By Dr. Razan Baker
June 04, 2018
Fasting during the holy month of Ramadan is a ritual Muslims look forward to and enjoy every year. It is the month where we seek our souls for the ultimate spirituality and connection with God through different methods, including exercising as a way of taking care of our health and fitness.
Because it is the month of giving, the first reason to exercise or participate in sports tournaments in Ramadan, I believe, would be for charity reasons. Thanks to Vision 2030 and the Saudi Federation for Mass Participation, an enormous amount of sports activities and open festivals take place, meaning society no longer has to see exercising while fasting as a tiring practice. In fact, the number of groups that meet to exercise during Ramadan is increasing all across the country.
According to a Mass Participation Federation presentation last week in Jeddah, there are 65 sports groups in the Central Province, 53 in the Western Province, 46 in the Eastern Province, 40 in the Southern Province, and 11 in the Northern Province. They vary from football to cycling, walking, running, and hiking. Clubs and fitness centers are also offering special rates to encourage physical activity among both genders. Educational institutions are also hoping to increase awareness by hosting huge sporting events, with Princess Nourah University in Riyadh hoping to attract up to 15,000 spectators between May 26 and 30.

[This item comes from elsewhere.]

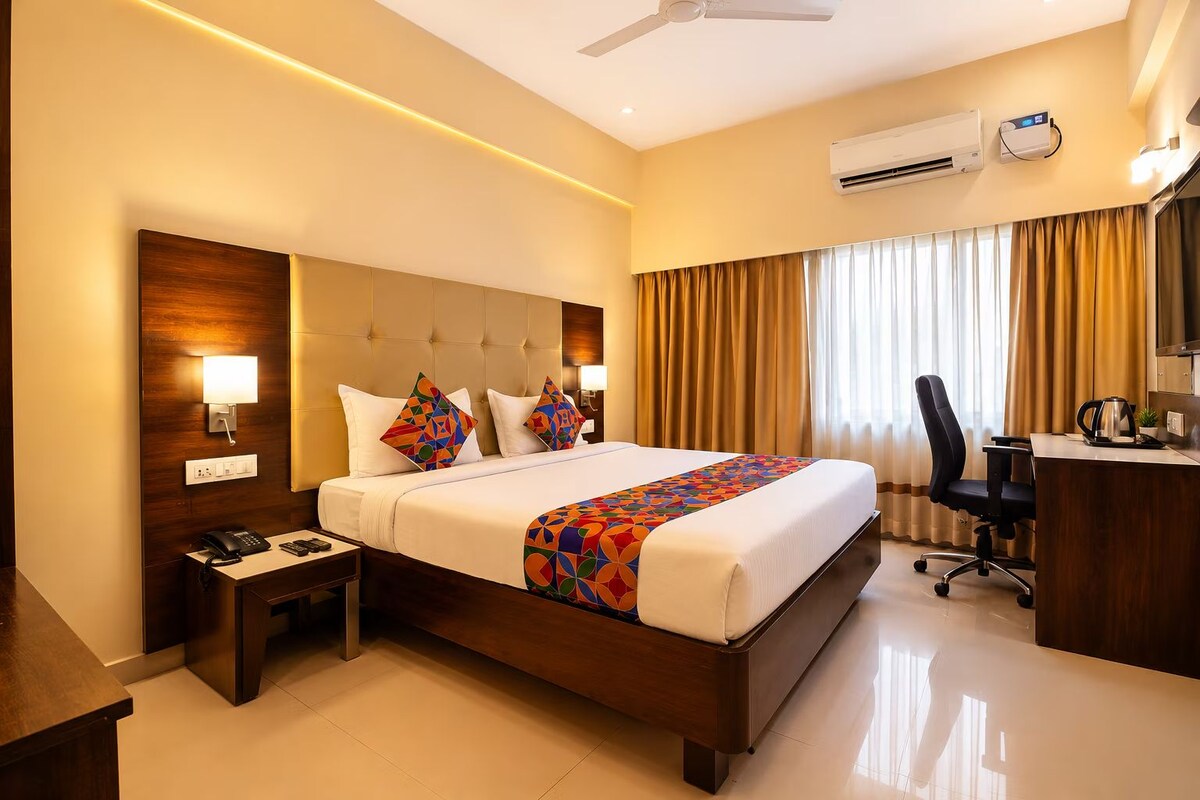 A hotel room with a bed, bedside table, lamp, air conditioning unit, and a desk with a chair.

The second reason to exercise while fasting is being a professional athlete. With the 18th Asian Games in Jakarta starting on Aug. 18, training camps are running for the country’s professional athletes both here and abroad. Religious scholars in Saudi Arabia have already given permission for professional athletes to end their fast so they can maintain their same level of performance.

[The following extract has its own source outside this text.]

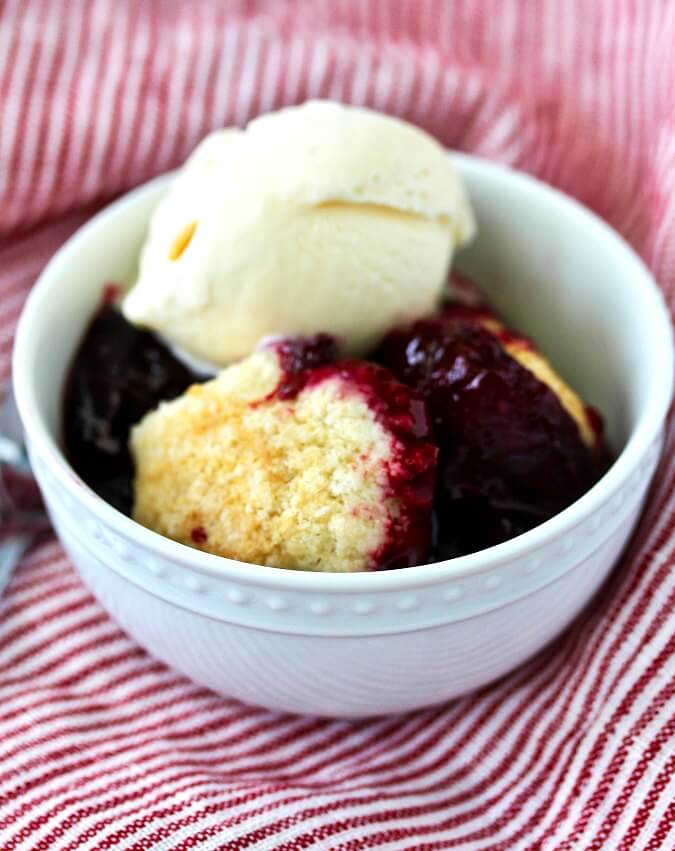 Blackberry Cobbler with ice cream and biscuits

It is a tough decision to make when you are training for the sake of your national team. But it is no longer just a few names on the list, as this year, for example, seven Muslim majority countries will be participating in the football World Cup: Saudi Arabia, Egypt, Iran, Morocco, Tunisia, Senegal and Nigeria, including stars such as Mohamed Salah.

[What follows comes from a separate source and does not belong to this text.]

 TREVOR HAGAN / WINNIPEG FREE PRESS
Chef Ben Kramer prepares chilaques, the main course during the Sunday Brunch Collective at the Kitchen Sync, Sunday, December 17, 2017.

However, when you are exercising to pursue a healthy lifestyle, which is the third reason, you have the luxury of choosing whether to do your training before or after ending your fast. While some studies suggest exercise is better done first thing in the morning because you still have energy from the night before, other scientists believe that is not for everyone. There is no harm in some brisk walking, yoga or other light exercises before iftar, but to gain the best results it is better to wait until afterward so you can restore your body’s energy by drinking lots of fluids and eating healthy food.
The fourth reason, which is the cherry on top, is that exercising and fasting allow overweight people to achieve their weight-loss goals and could act as a strategy for preventing weight gain.
In a study published this year, titled “Two-day fasting evokes stress but does not affect mood, brain activity, cognitive, psychomotor, and motor performance in overweight women,” it was suggested that regular and long-term physical activity, especially resistance-type exercise training, effectively preserves muscle mass and should be promoted in overweight individuals during long-term intermittent fasting.
Therefore, let us associate Ramadan with a new healthy lifestyle consisting of taking care of our souls, without neglecting our bodies. Let it be a month of a new healthy you.
Dr. Razan Baker is a member of the board of directors at the Saudi Bowling Federation, a specialist in corporate social responsibility in sports, and a sports columnist/journalist.